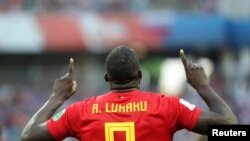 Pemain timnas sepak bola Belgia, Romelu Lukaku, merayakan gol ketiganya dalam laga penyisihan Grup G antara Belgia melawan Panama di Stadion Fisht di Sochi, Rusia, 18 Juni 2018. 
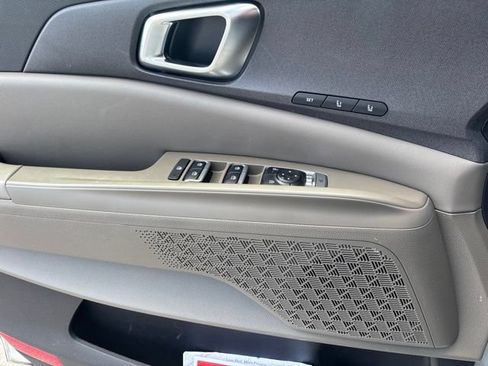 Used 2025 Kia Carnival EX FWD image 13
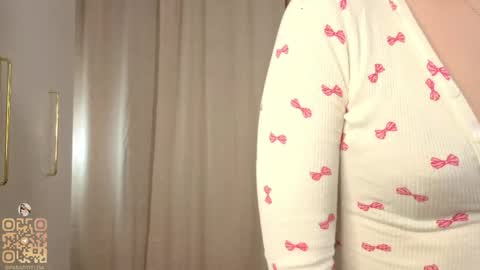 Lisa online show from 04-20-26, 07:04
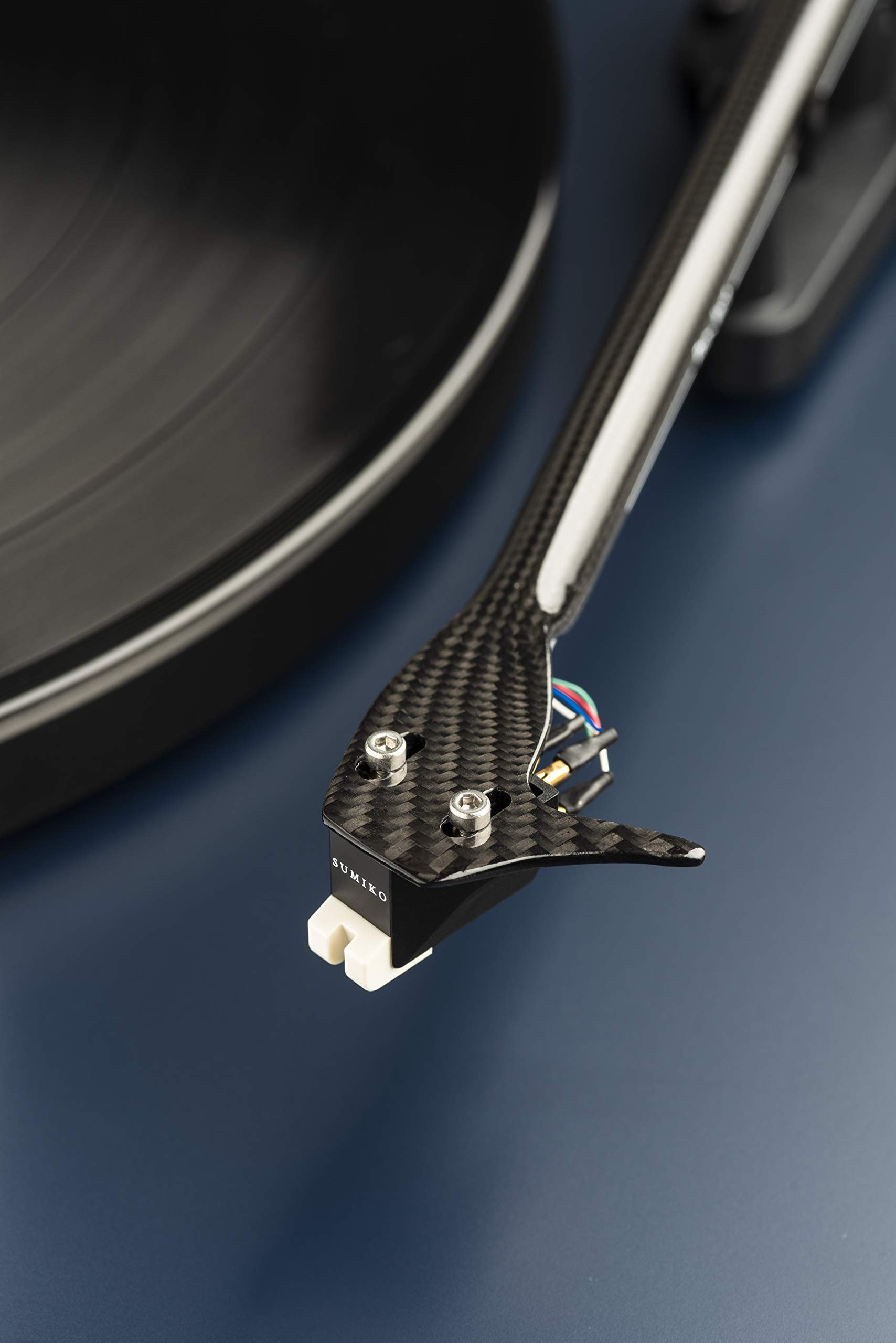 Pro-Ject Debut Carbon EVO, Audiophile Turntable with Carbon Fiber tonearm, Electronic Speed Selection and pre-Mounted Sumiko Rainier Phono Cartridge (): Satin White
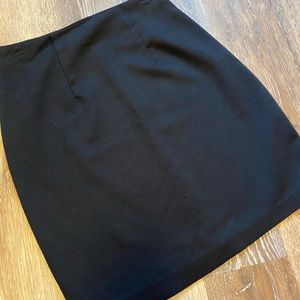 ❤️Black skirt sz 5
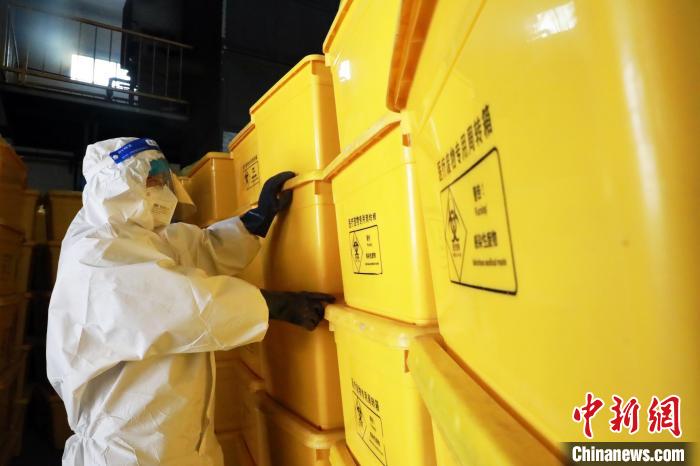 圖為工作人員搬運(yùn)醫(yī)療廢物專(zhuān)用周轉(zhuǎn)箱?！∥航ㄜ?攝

### Work order
Excluding the pictures, restate word for word the lines from the one that holds "Pro-Ject Debut Carbon" through the last line of the entries, both ends included.

### Exercise result
 Pro-Ject Debut Carbon EVO, Audiophile Turntable with Carbon Fiber tonearm, Electronic Speed Selection and pre-Mounted Sumiko Rainier Phono Cartridge (): Satin White
 ❤️Black skirt sz 5
 圖為工作人員搬運(yùn)醫(yī)療廢物專(zhuān)用周轉(zhuǎn)箱?！∥航ㄜ?攝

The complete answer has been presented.